She smiled as she veiled, then ran down the steps and into the carriage.
“I don’t want her put on display like an object,” the old man said, following Theo down the steps.
“Of course not,” said Theo. The old man would be mad not to realize she’d end up on a stage. Of course he knew. You don’t marry your bearded daughter to a showman and expect her to live a normal life. “Anyway.” Theo turned to shake the old man’s hand before joining her in the carriage. “Do you really imagine anyone could make Marie do anything she didn’t want to?”
The old man smiled. And when all the waving was done and they were on their way, Marie put back her veil and laughed. “I’m free!” she said. After that she was glued to the window, a smile on her face, watching the new world roll by. They’d make easy stages from Stuttgart to Munich, from there on to Lake Mondsee for a month-long honeymoon. Then Vienna. You can have dance lessons there, he said. The first night in Pforzheim, he took the best room in the hotel and ordered a lavish meal to be sent up with two bottles of champagne. She ate steadily, calmly. If she was sad about leaving her family it didn’t show.
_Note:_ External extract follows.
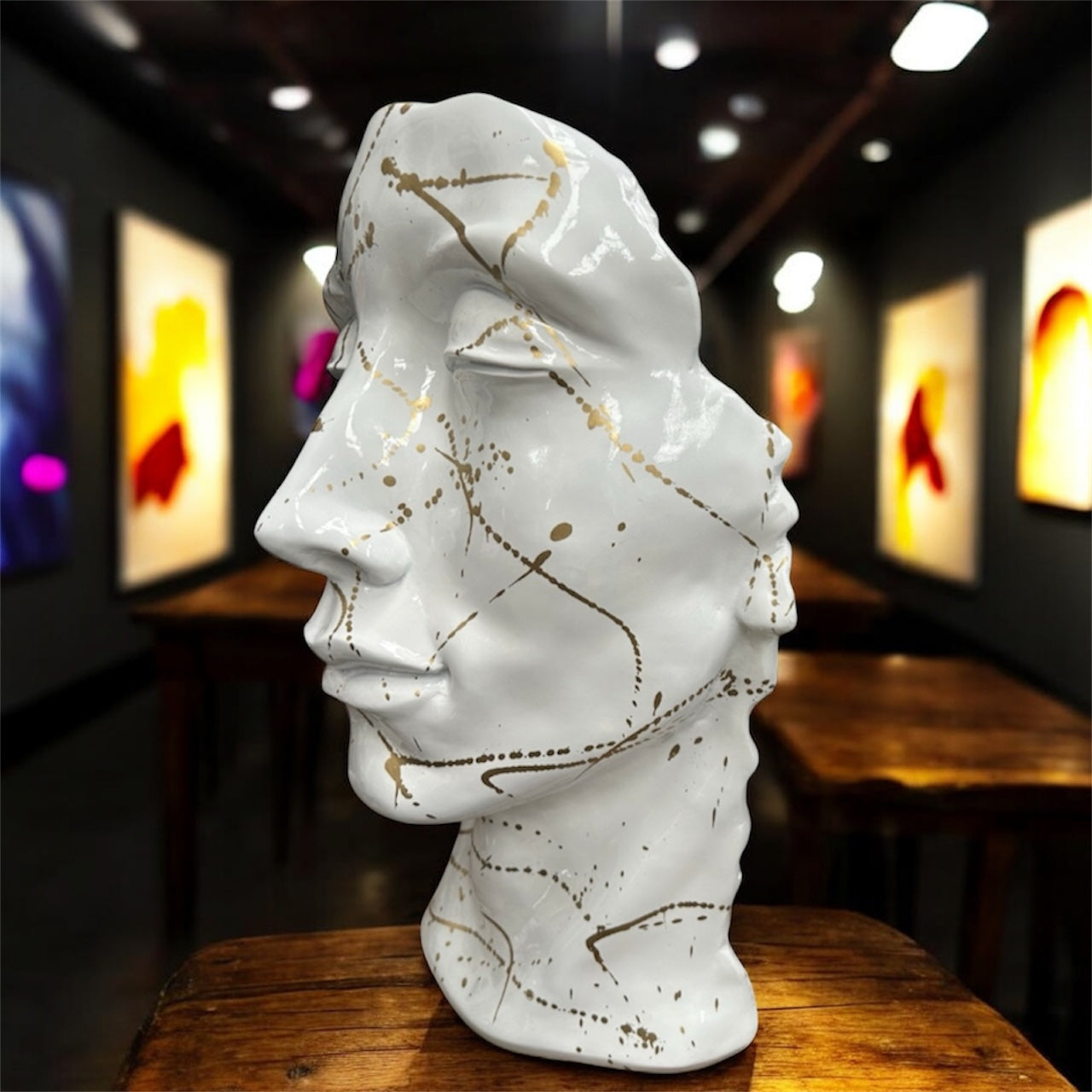 White & Gold Splash Face Sculpture – Modern Artistic Head Statue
“Do you like the chicken?” he asked.
“Very nice.” She looked up. “The broth’s delicious.”
“See how good life can be, Marie,” he said, “how much you’ve been missing.”
She put down her spoon. “Do you think I didn’t eat well at home?”
“Not at all. I’m not just talking about the food. You’re going to see the world. Meet people. Wait until Munich, we’ll go to the theater. You’ll love it.” He remembered saying all these things to Julia. “Have you ever been to the theater?”
She laughed without humor. “Me? A prisoner?”
He felt sorry for her. “Didn’t he let you go out at all?”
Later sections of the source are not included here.